─── DATA EXTRACT
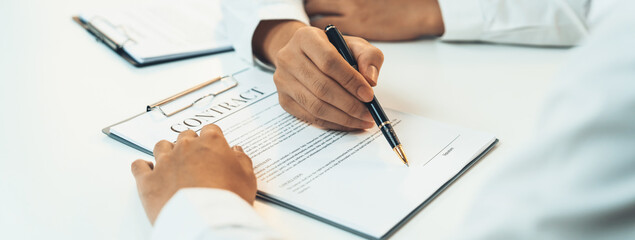 Business executive signing contract agreement document on the bale with the help from company...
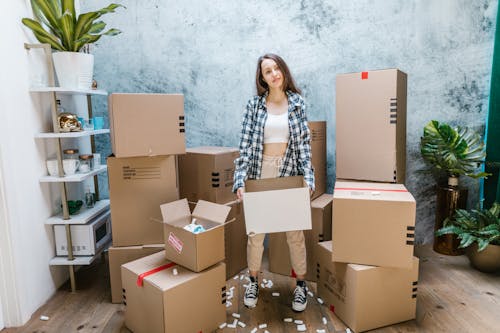 A Woman in a Plaid Long Sleeves Carrying a Box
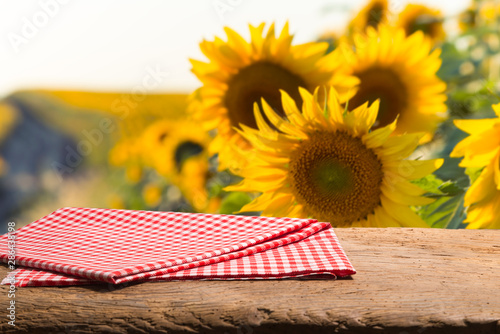 Empty wooden plank with Sunflower field background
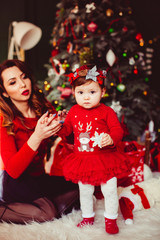Attaractie young mother poses with her little girl before green Christmas tree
──────
*WHAT IS EXPECTED:* With the pictures set aside, copy each line above as written.

*YOUR SOLUTION:*
 Business executive signing contract agreement document on the bale with the help from company...
 A Woman in a Plaid Long Sleeves Carrying a Box
 Empty wooden plank with Sunflower field background
Attaractie young mother poses with her little girl before green Christmas tree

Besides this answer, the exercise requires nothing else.